[Records from a collection]
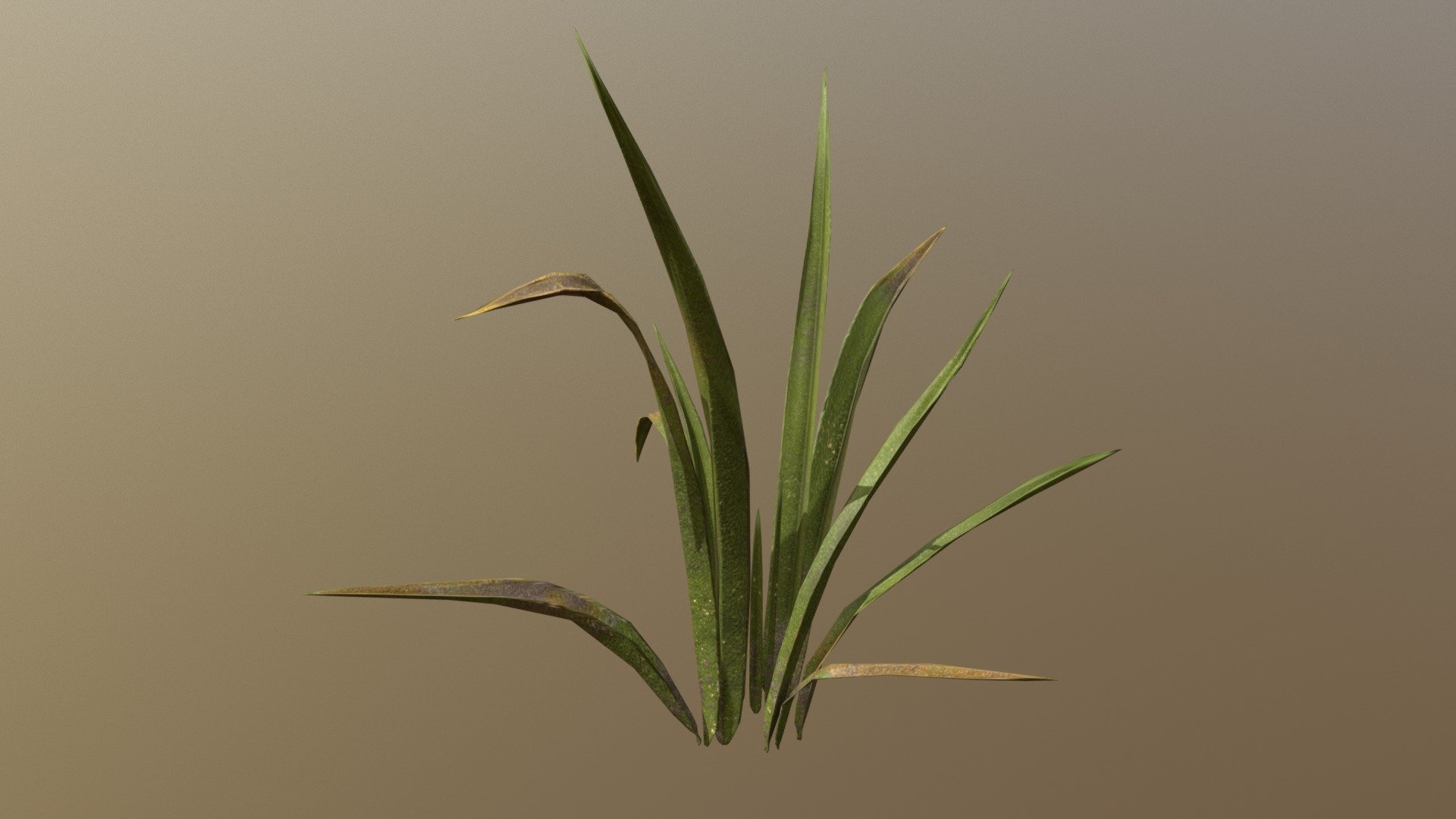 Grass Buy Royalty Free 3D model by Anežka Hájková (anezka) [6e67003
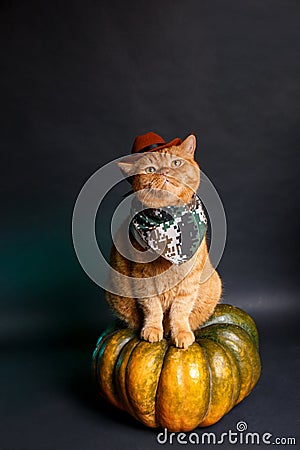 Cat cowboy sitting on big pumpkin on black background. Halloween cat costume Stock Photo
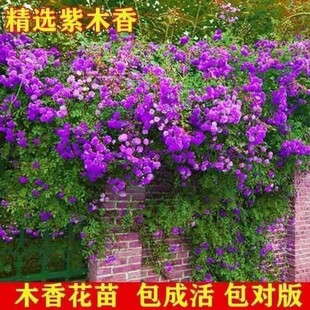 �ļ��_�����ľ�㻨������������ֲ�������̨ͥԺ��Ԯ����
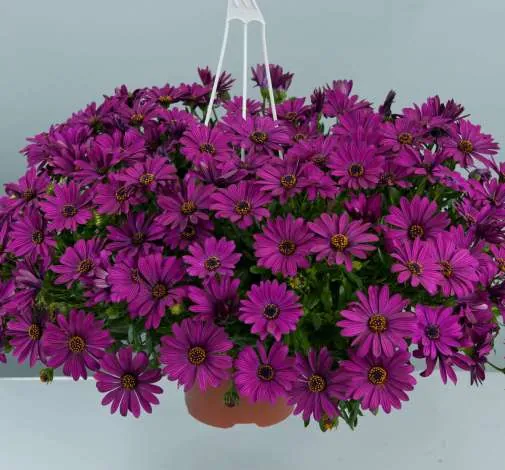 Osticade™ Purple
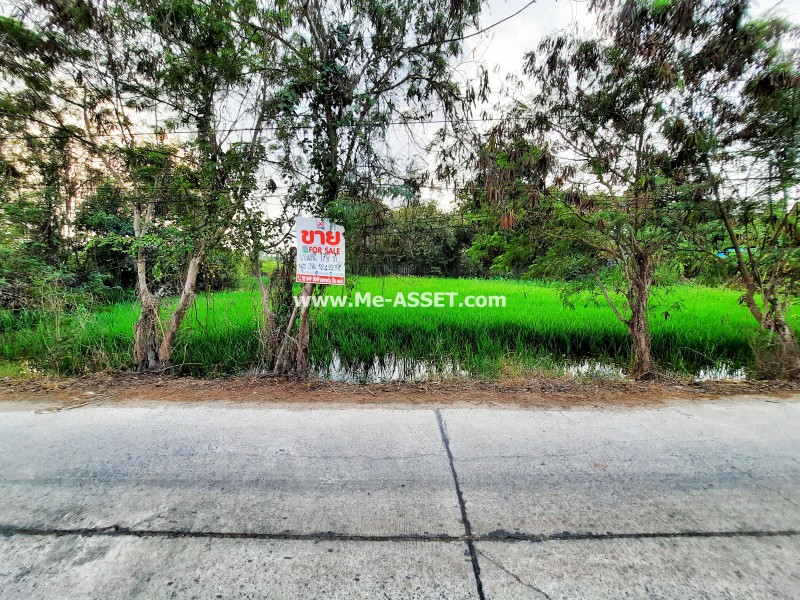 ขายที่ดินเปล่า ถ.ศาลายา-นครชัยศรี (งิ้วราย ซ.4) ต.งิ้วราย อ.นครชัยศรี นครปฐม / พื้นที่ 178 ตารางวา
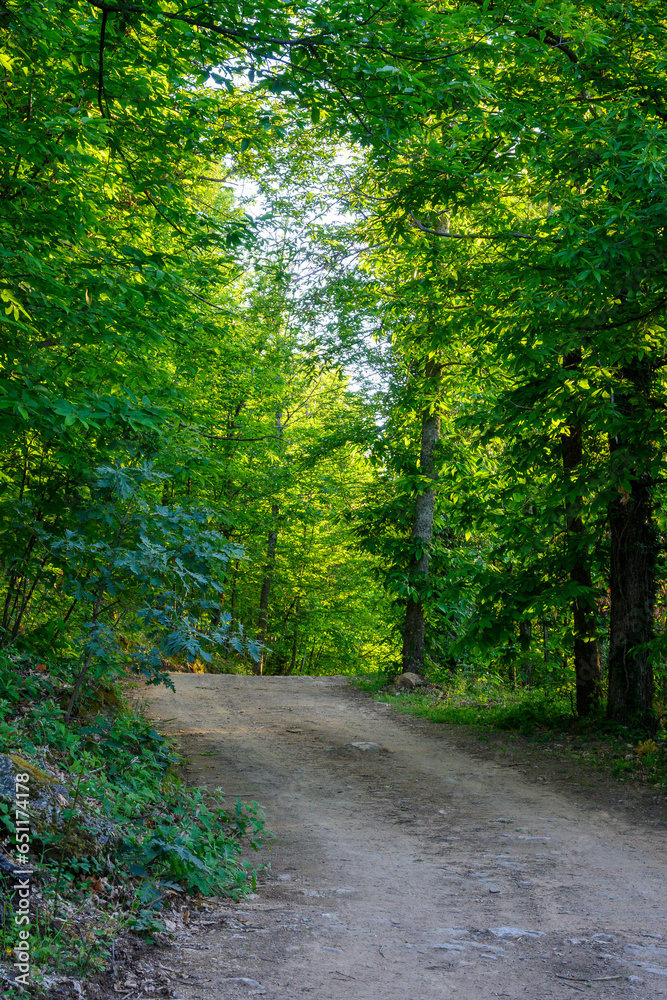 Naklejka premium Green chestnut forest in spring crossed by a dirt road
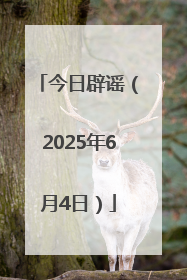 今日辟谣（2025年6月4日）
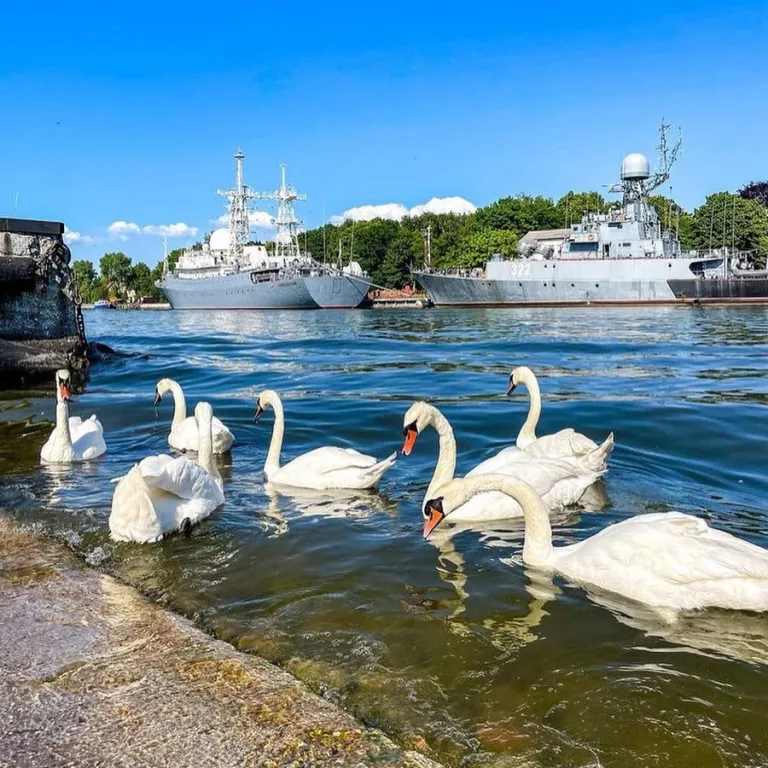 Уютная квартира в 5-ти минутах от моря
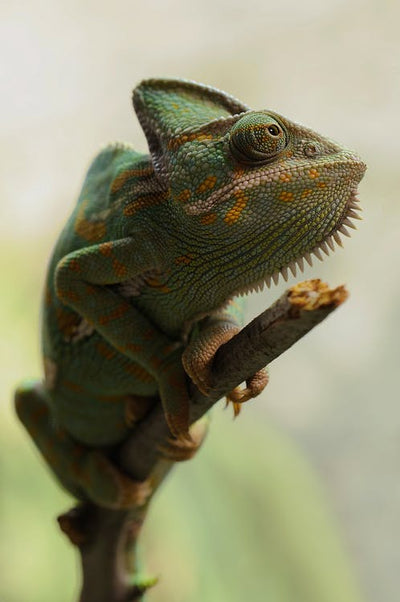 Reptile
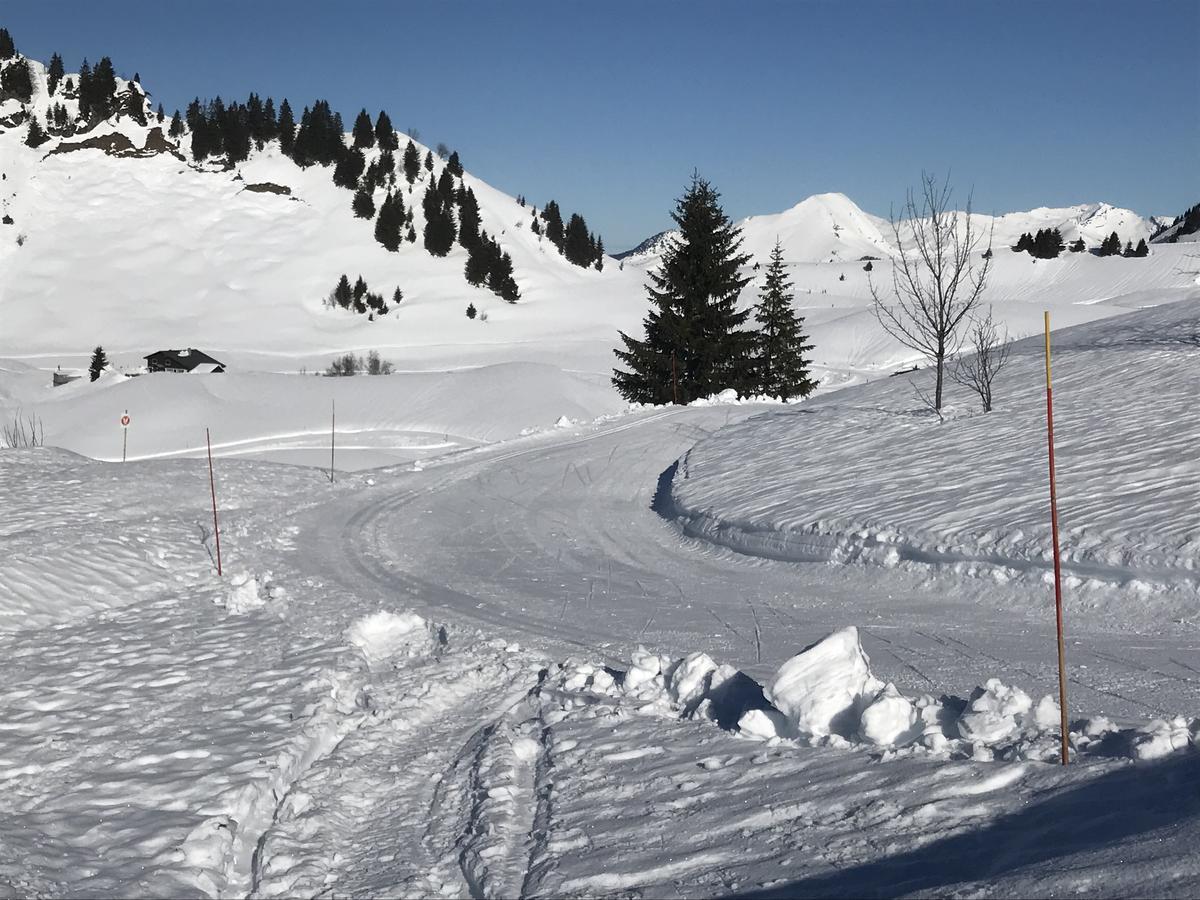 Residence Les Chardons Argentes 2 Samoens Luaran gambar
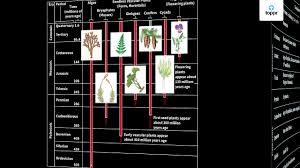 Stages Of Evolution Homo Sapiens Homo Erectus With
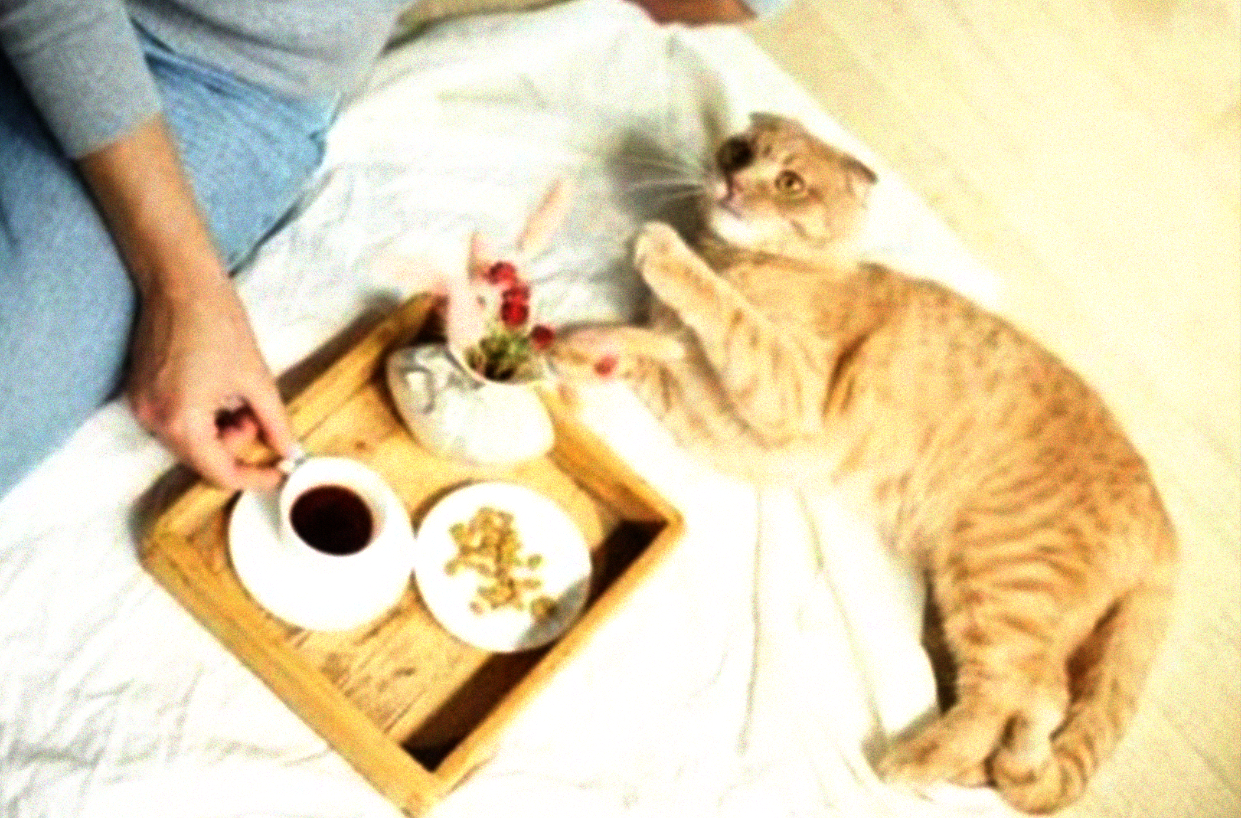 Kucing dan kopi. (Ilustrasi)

Problem to work on: Quote exactly, and only, the lines from the one containing "Stages Of Evolution" through the last line of the records above, both included; leave out any pictures.

Answer box:
 Stages Of Evolution Homo Sapiens Homo Erectus With
 Kucing dan kopi. (Ilustrasi)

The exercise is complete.